Article 89 of the French constitution provides for amendment of the constitution by vote of parliament. In 1962, however, President de Gaulle ignored this method and submitted to a popular referendum an amendment providing for election of the president by popular vote instead of by limited suffrage. In Australia proposed amendments, after passage by each house of Parliament, must be approved by a popular referendum throughout Australia and also by a majority vote in four of the six states. The Canadian constitution (British North America Act of 1867) contains no provision for its own amendment; consequently, constitutional change has required recourse to the original source of the constitution, the British Parliament.

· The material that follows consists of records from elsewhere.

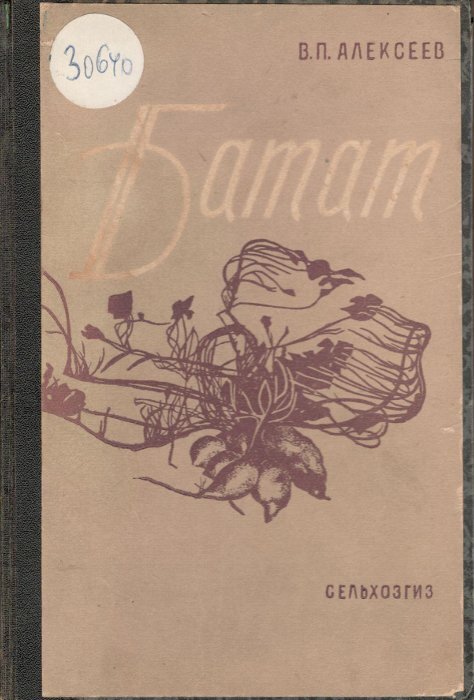 Фото из открытого источника. В.П. Алексеев — «Батат» (1932 год)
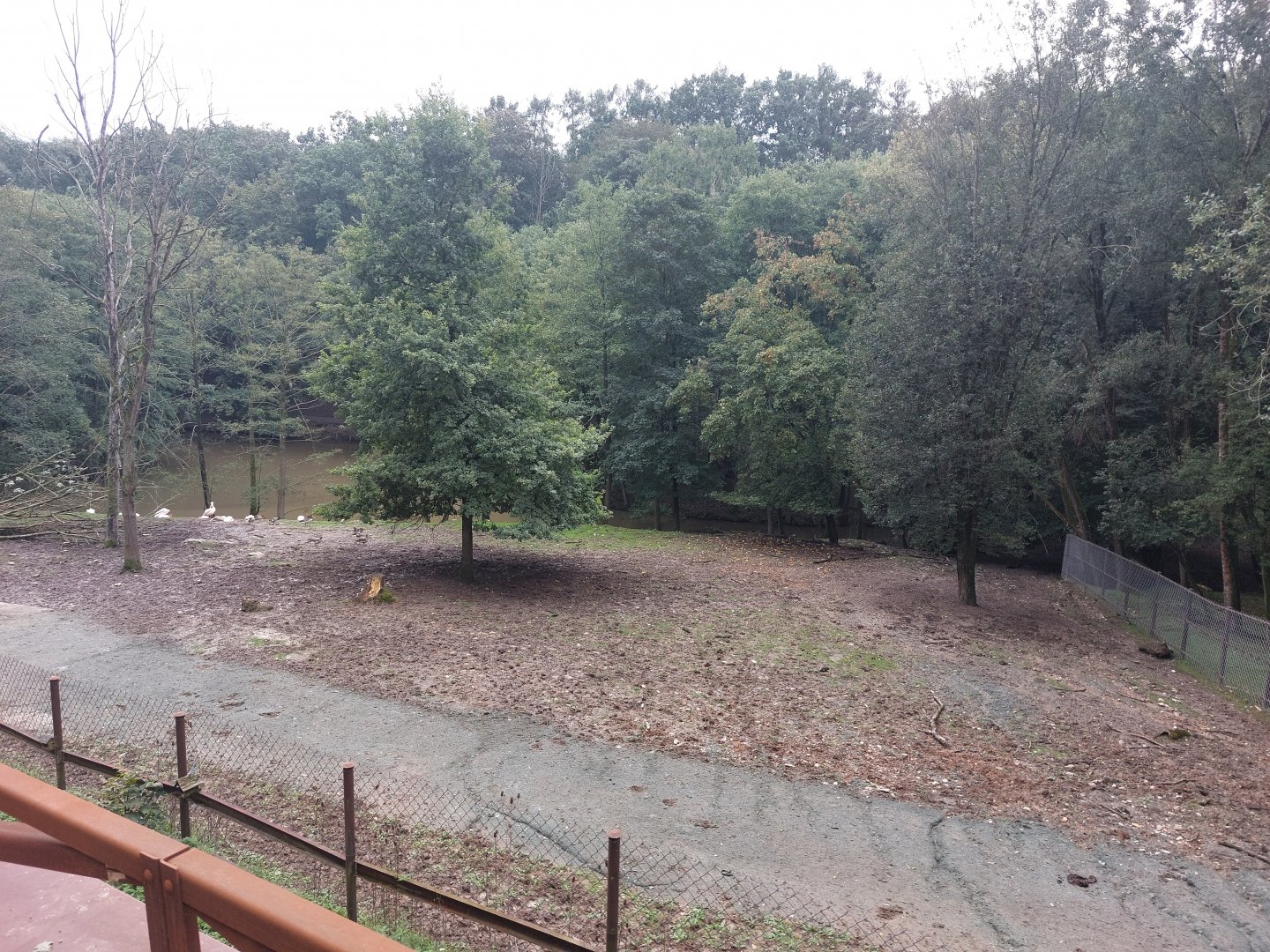 Sitatunga, Forest buffalo & great white pelican exhibit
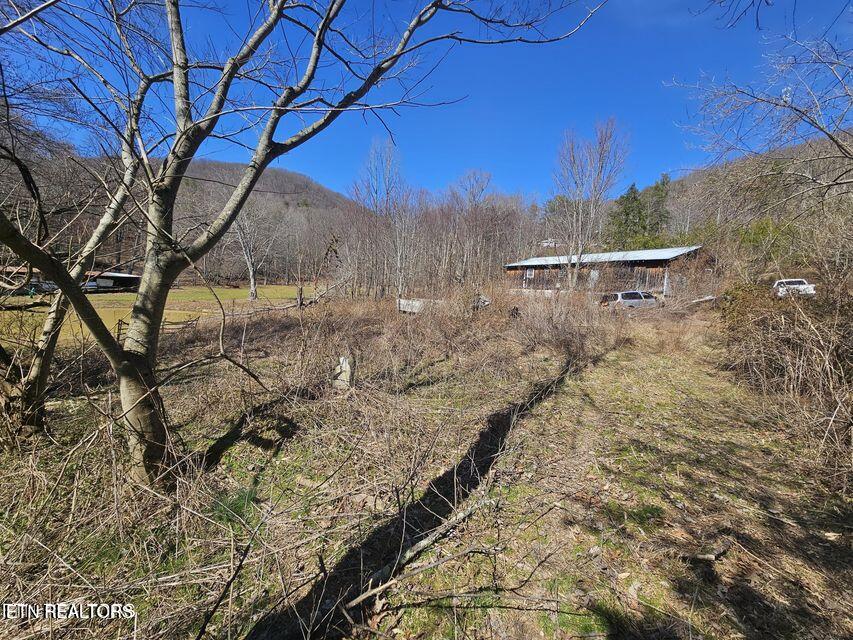 0 Morningstar Road Pioneer, TN 37847 - Photo 15 of 19 20250312170444768463000000-o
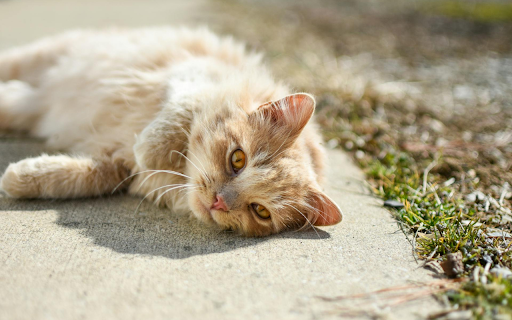 Sunbathing Pussy Cat  from Chrome web store to be run with OffiDocs Chromium online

The amending power has been less important in the development of the U.S. constitution than has the previously discussed process of interpretation. The document, drafted in 1787, could scarcely have met the needs of a world power in the twentieth century unless it had been construed with some flexibility. It was one of John Marshall's greatest achievements that he saw the need for a broad construction of the constitution. “We must never forget, that it is a constitution we are expounding,” he said, one that is “intended to endure for ages to come, and consequently, to be adapted to the various crises of human affairs” (McCulloch v. Maryland, 4 Wheaton 316, 1819).

Revising a constitution by interpretation does create both theoretical and practical problems. Justice Frankfurter once suggested that “nothing new can be put into the Constitution except through the amendatory process. Nothing old can be taken out without the same process” (Ullmann v. United States, 350 U.S. 422, 1956). It must be presumed that he was using this rather extreme method of warning that if a constitution is to fulfill its function of acting as a stabilizing and controlling influence in a political system, the interpretations given to it must be maintained with some measure of continuity, and the agencies that interpret and apply the constitution must feel under some compulsion to accept the views announced by their predecessors.

Regard for precedent is, of course, one of the foundation stones of legal systems generally, applicable in both constitutional and statutory interpretation. However, the principle of stare decisis, necessary as it is in the settlement of normal legal controversies, presents unusual difficulties when applied to constitutional meanings. If a constitutional interpretation, once announced, can be modified only by constitutional amendment, an impossible burden is thrown on the amending machinery. The U.S. Supreme Court has, therefore, on occasion overruled its earlier decisions. One of the most noteworthy instances of the overruling of a prior constitutional position occurred in 1954 in Brown v. Board of Education (347 U.S. 483). In an 1896 decision the Supreme Court had held that segregated facilities for Negroes were not a violation of the equal protection clause of the fourteenth amendment, provided they were the “equal” of the facilities provided for white persons. But when the Court had to decide in 1954 whether racial segregation was permissible in the public schools, it held unanimously that “we cannot turn the clock back … to 1896. … We must consider public education in the light of its full development and its present place in American life throughout the Nation.” Such consideration convinced the Court that the rule of “separate but equal” was no longer compatible with the concept of equal protection under the laws, and consequently it was abandoned.